Recorded data: Begin

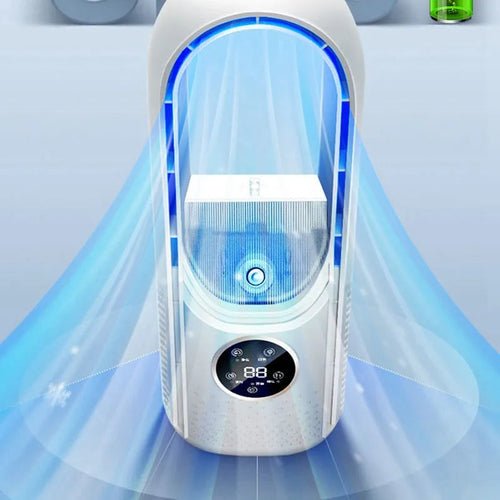 Portable Leafless Electric Fan Air Cooler 6 Speed Silent Timer Air - Solace Air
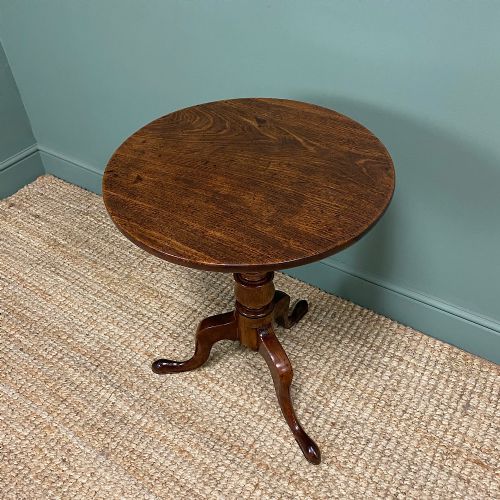 quality georgian cuban mahogany antique tilt top tripod occasional lamp table - CATEGORY: ANTIQUE TABLES - DATED GEORGIAN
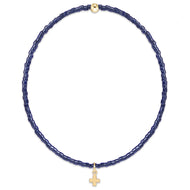 enewton Hope Classic Navy Bracelet - Signature Cross Small Gold Charm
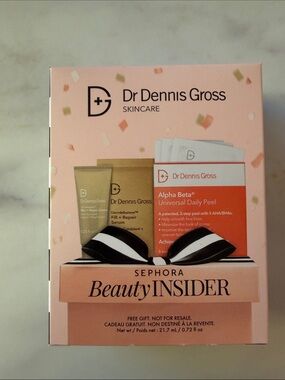 NIB Dr Dennis Gross Skincare Set 3-Piece Peel Serum Cream Trial Pack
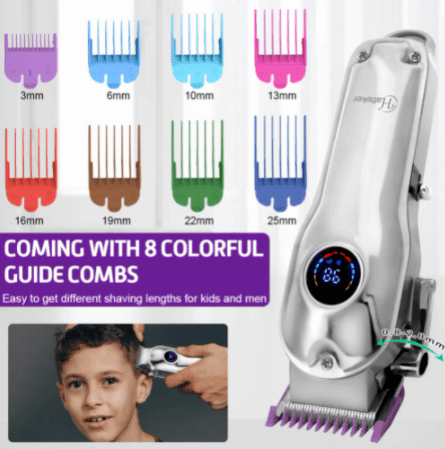 HATTEKER Professional Hair Clippers for Men Cordless Barbers Grooming Kit LCD Display - HATTEKER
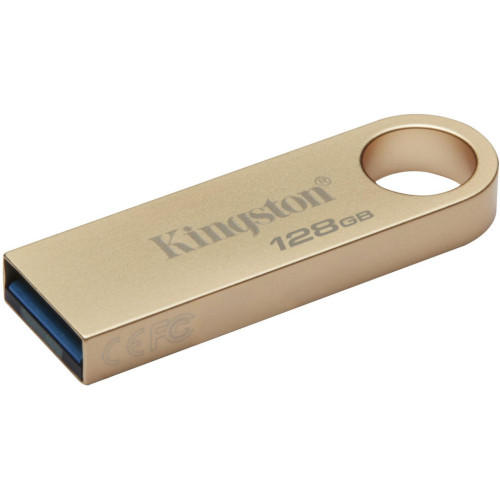 USB флеш накопичувач Kingston 128GB DataTraveler SE9 G3 Gold USB 3.2 (DTSE9G3/128GB) – KINGSTON (вид 1)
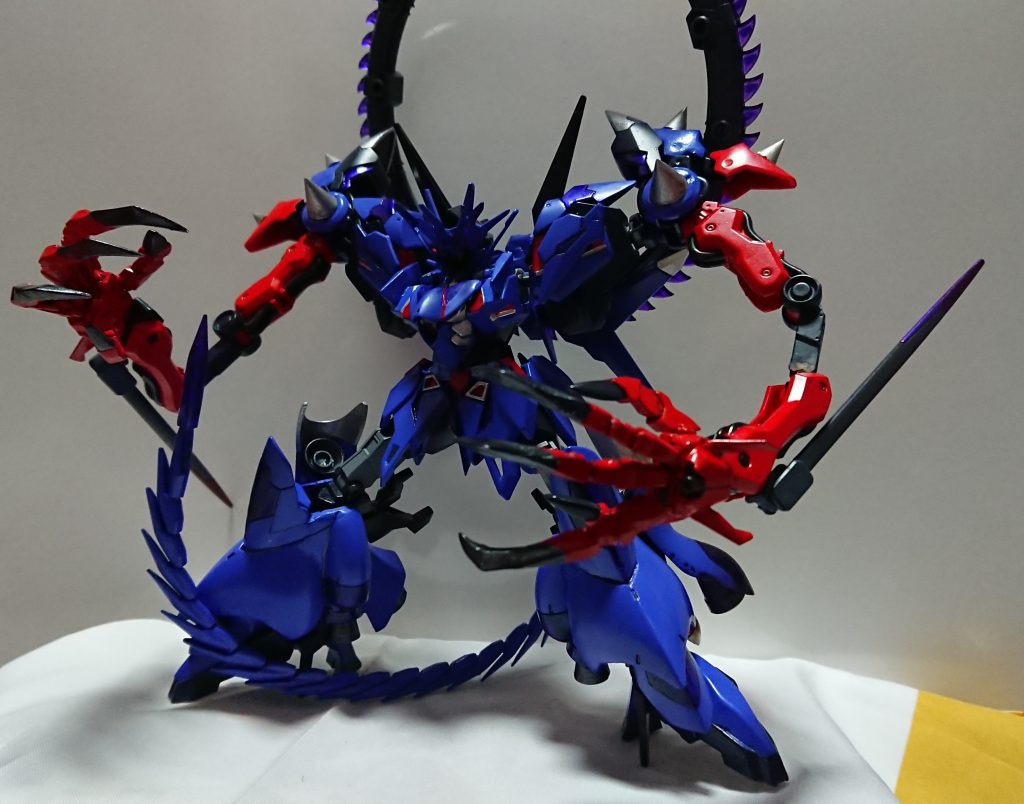 ゼルトザムアームズの指の可動化と指先を爪状に改造しました 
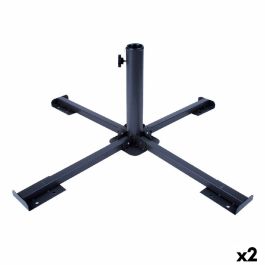 Base para Sombrilla Aktive 86 x 34 x 86 cm Negro Metal (2 Unidades) Precio: 37.50000056. SKU: B1BJ7VEBML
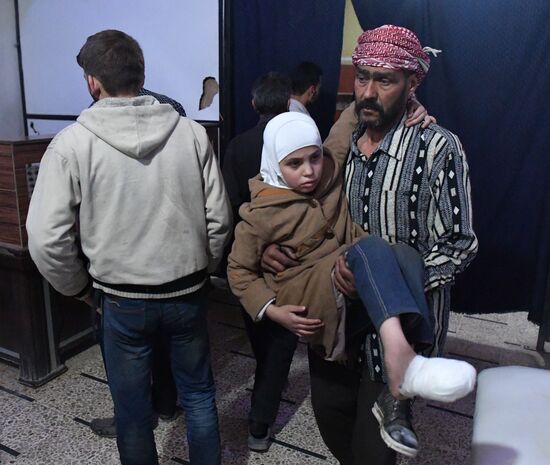 Underground hospital in Douma, Syria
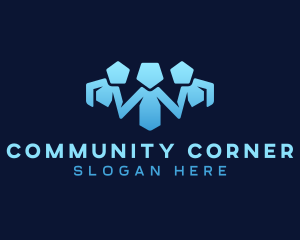 People Community Foundation logo design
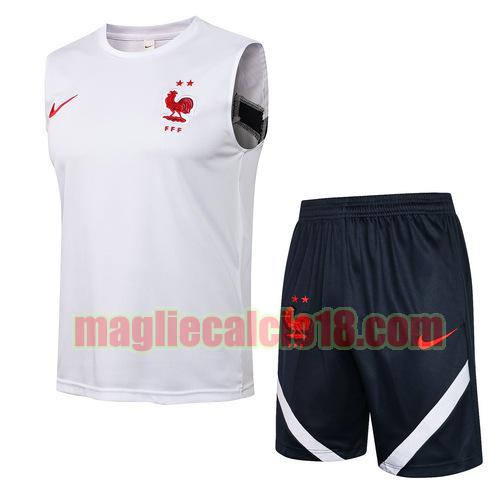 tuta sportiva gilet francia 2021-2022 bianca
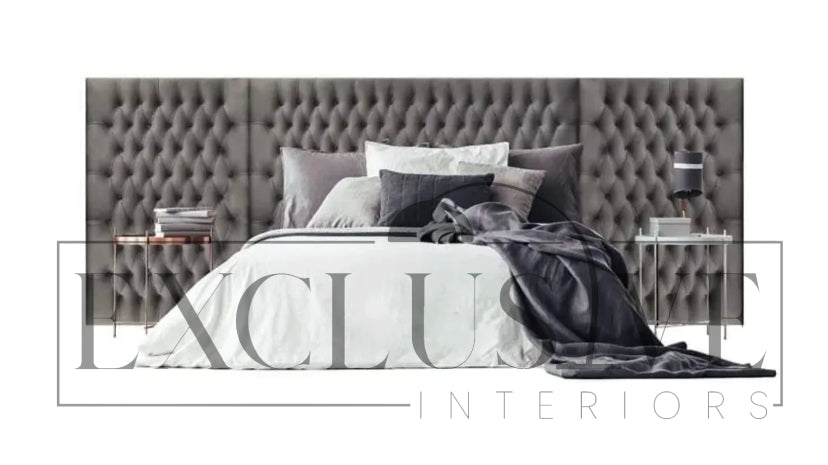 Bellagio Extra-Wide Chesterfield Bed Frame With Headboard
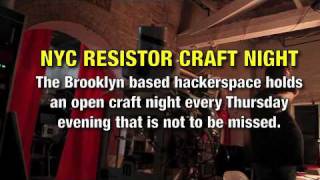 NYC Resistor Hackerspace Craft Night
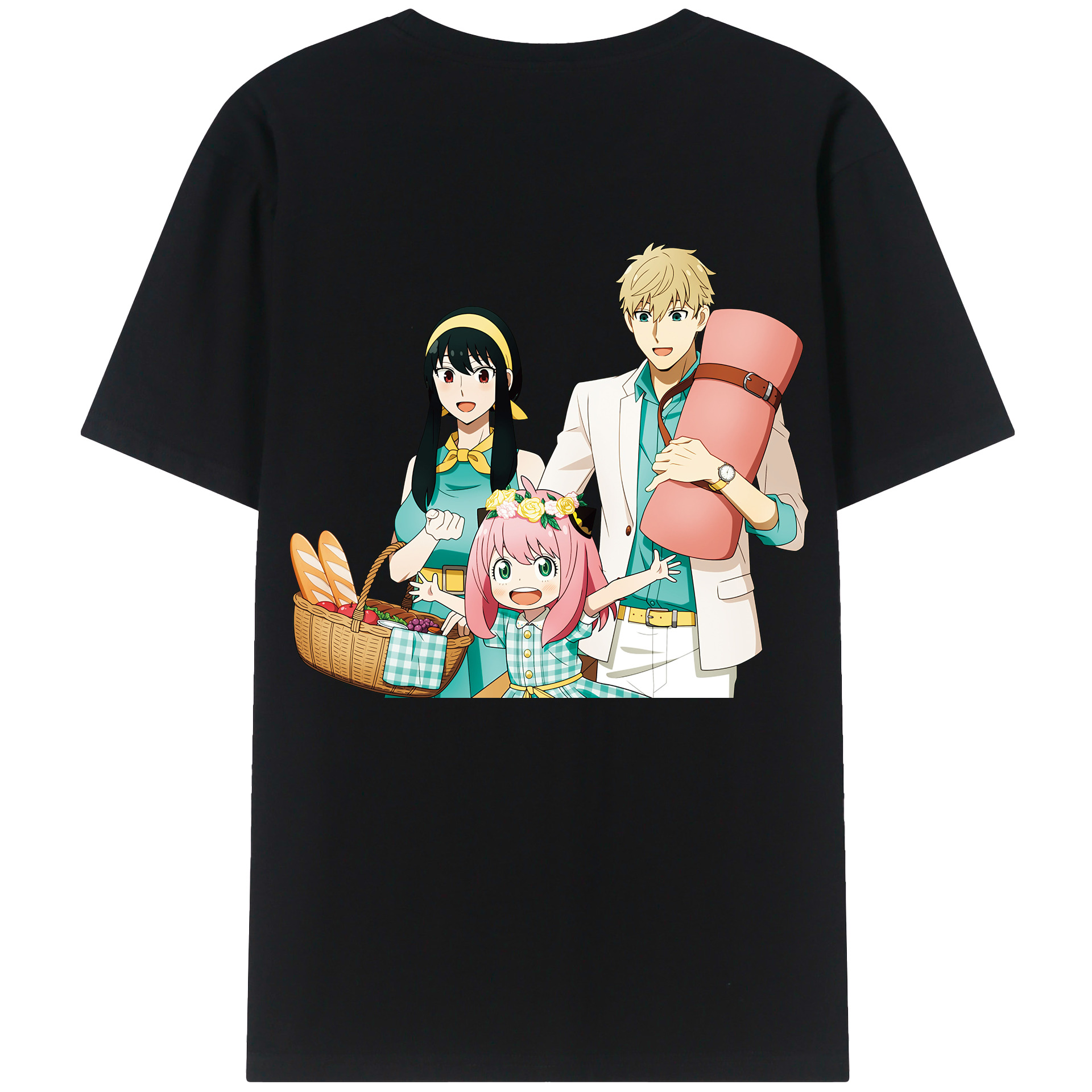 （画像用） SPY×FAMILY间谍家家酒 綿100％半袖Tシャツ（背面プリント）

Recorded data: End

No pictures should appear in the copy. Print exactly the lines above from the line containing "Bellagio Extra-Wide Chesterfield" through the last line of the data.

Solution to this task =
 Bellagio Extra-Wide Chesterfield Bed Frame With Headboard
 NYC Resistor Hackerspace Craft Night
 （画像用） SPY×FAMILY间谍家家酒 綿100％半袖Tシャツ（背面プリント）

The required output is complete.